4:42 am on Jun 13, 2016 (gmt 0)

WebmasterWorld Senior Member 10+ Year Member Top Contributors Of The Month



"long list of User-Agents grouped together in a comprehensive Disallow"

Do you mean...?

User-agent: Example1-Bot
User-agent: Example2-Bot
User-agent: Example3-Bot
User-agent...
Disallow: /

If so, I remember Jim Morgan & I having a long discussion why it should work but isn't supported by robots.org. Last time I tried it few bots supported that syntax. Is there better support now?

lucy24

6:12 am on Jun 13, 2016 (gmt 0)

WebmasterWorld Senior Member 10+ Year Member Top Contributors Of The Month



Do you mean...?

Yes, exactly. It seems to work, in the sense that robots who are denied will eventually stop asking. Unless they never intended to comply in the first place, which I think is far more likely than that they genuinely couldn't understand what I meant.

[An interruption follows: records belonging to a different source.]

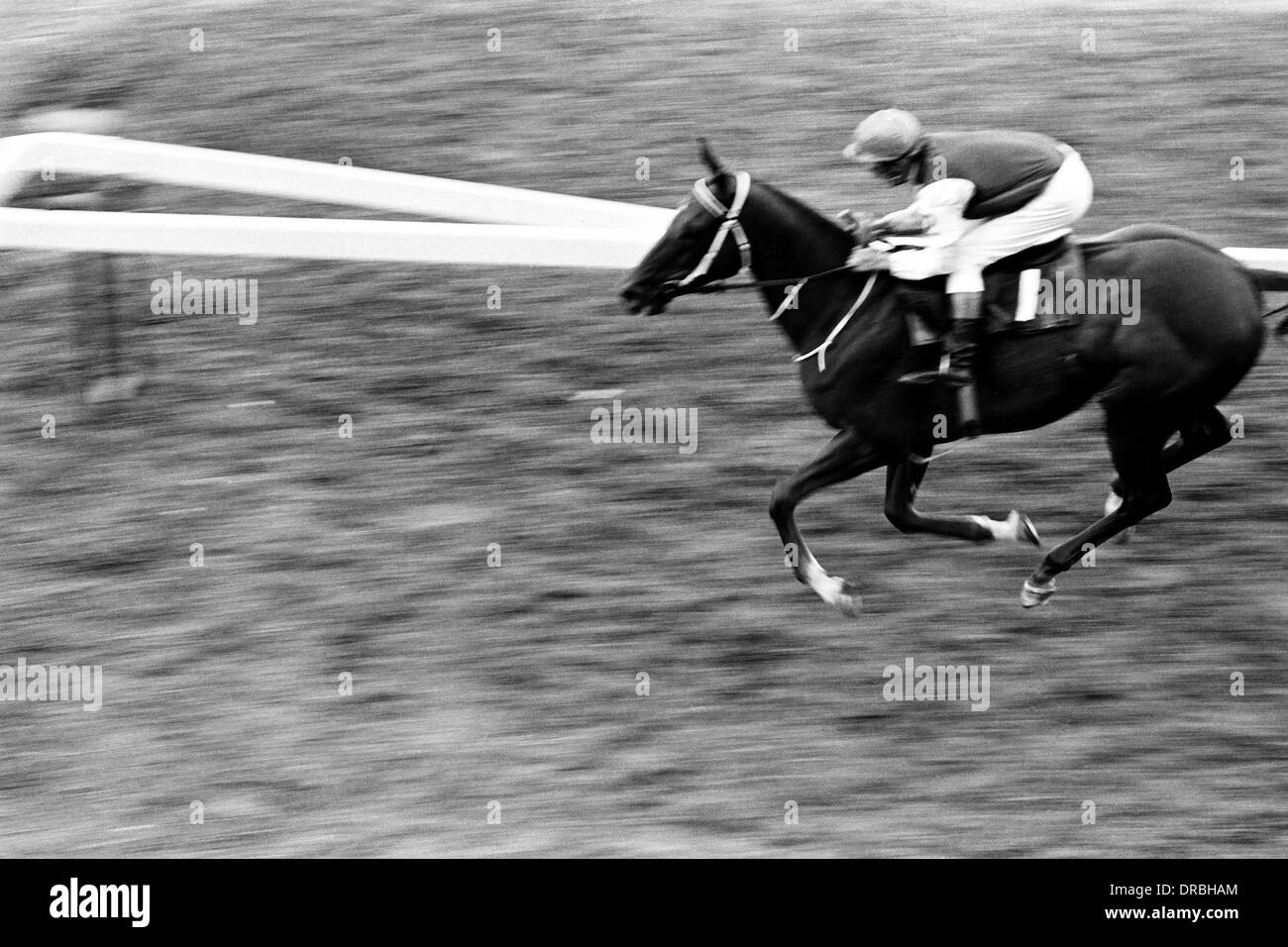 Cavallo al galoppo in corso di gara, Hong Kong, 1971 Foto Stock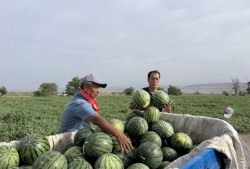 西昌吃瓜达达春天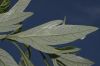 image of Artemisia douglasiana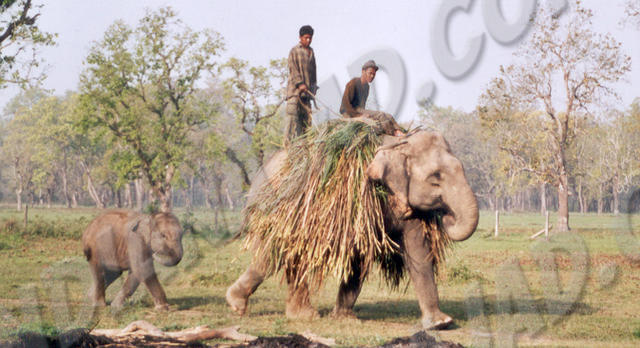 Sauraha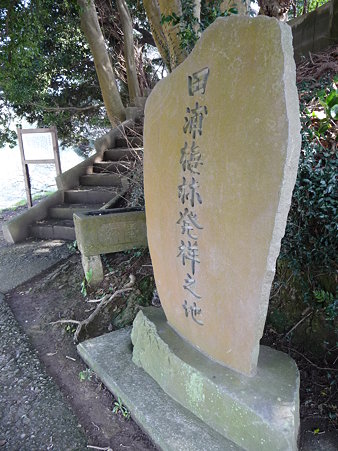 100301-田浦梅林 (91)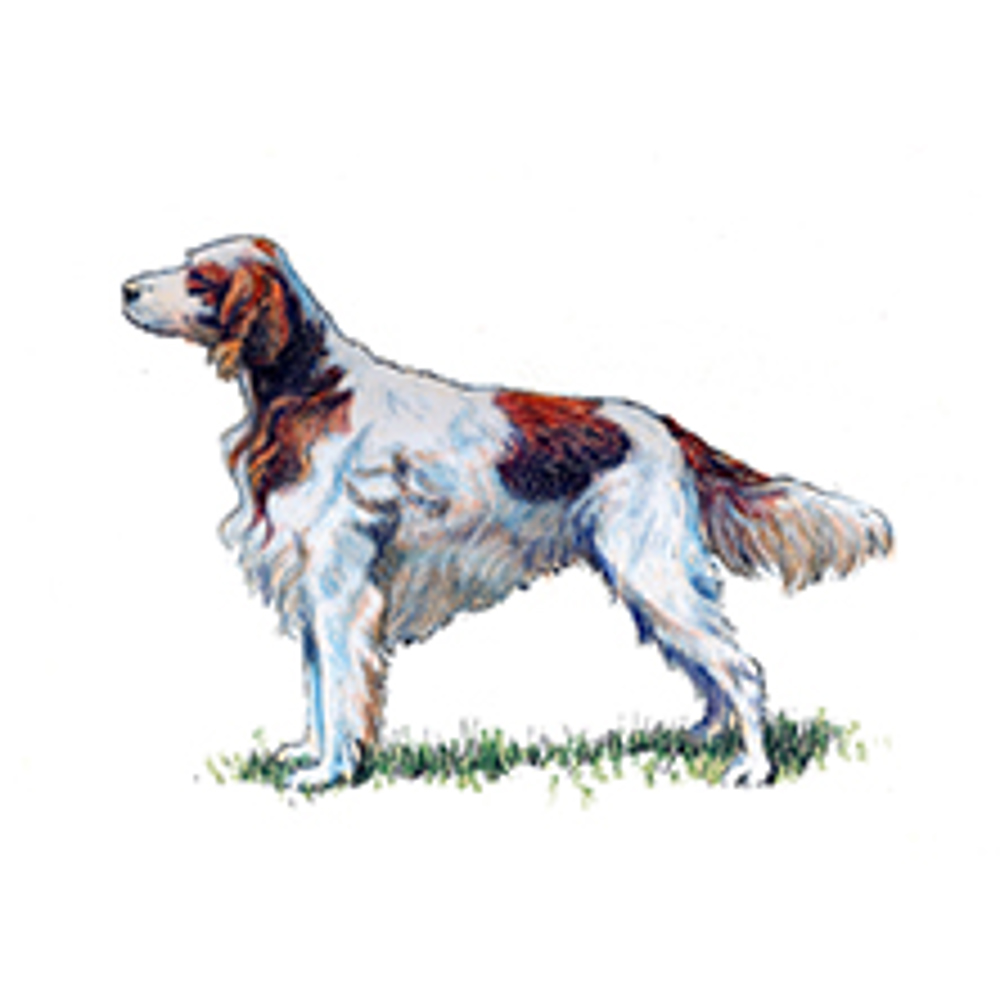 Irish Red & White Setter illustration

As I understand it, the robots.txt standard has never officially been updated in any way whatsoever. But, really, there are reasonable expectations. F'rinstance, the only reason the Googlebot doesn't recognize "Crawl-Delay" is that it just doesn't feel like it.

I guess I could pick out the names on the Continue Blocking list and see if they behave differently if they get their very own individual
User-Agent: this-means-you
Disallow: /
But like I said, I really don't think it's a comprehension problem ;)

keyplyr

6:36 am on Jun 13, 2016 (gmt 0)

WebmasterWorld Senior Member 10+ Year Member Top Contributors Of The Month



the robots.txt standard has never officially been updated in any way whatsoever

The only thing I've seen updated was the added support for:
Sitemap: http://example.com/sitemap.xml
And that took almost a year. But you're correct in that it is more a matter of the bot itself and not the standard.

I speak lousy French but it's still French. My friends are tolerant. Those unfamiliar often walk away shaking their French heads.